The good news is that addiction is not permanent, and despite a psychological feeling of despair that you will remain trapped in it, anyone can break free from the bondage it produces. It has to start with an acknowledgment that you are not living in freedom, and there needs to be a desire to be free. In order to break free from the addiction you have to get to the root cause, and to recognize what made you fall into this cycle in the first place. Behavior modification alone typically does not work, simply telling yourself to try harder when you have nothing left, just doesn't usually produce lasting results. The things that are driving the addiction, the thing that is underneath it and being avoided, that finally needs to be dealt with.
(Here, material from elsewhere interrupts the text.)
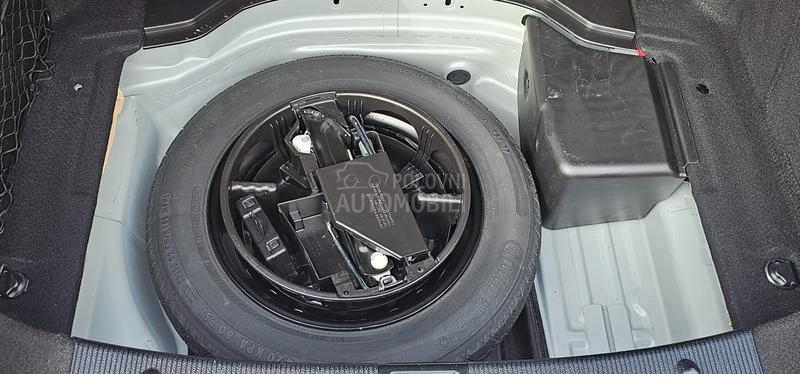 Mercedes Benz C 180 2.2CDI JEDIINSTVEN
I think it is important to have a long-term vision rather than focusing on the short-term day by day desire to escape from something, but rather to look down the road and to decide where you want your life to be. You may not know how you're going to get there, but it is at this point when God can do amazing things with a person's heart if we cry out to him. We take each temptation and see it as a choice, we may feel strongly that we have no choice but to continue in the addiction, but there is always another choice. If we earnestly seek the Lord, he will provide a way out, but we have to be open to what it may be and that it may not look like what we thought he would provide. Sometimes it may come in the form of other people who want to help. It may come in the form of counseling or rehab. It will most likely involve getting out of your comfort zone and being willing to be vulnerable and share your heart with someone. Often when we get to this point and we are willing to break out of our isolation, we find common ground with others who have struggled as well, and they can provide encouragement and pray for us too. Never lose hope. God wants us to live a life of freedom, not of being enslaved in an addiction. When we find ourselves at the fork in the road with a choice to be made, if we ask the Lord to help us make a different choice, he can give us the strength to do so if we are willing to trust him and let him into our heart, into the places we don't want to go to ourselves. The choice is ours to make.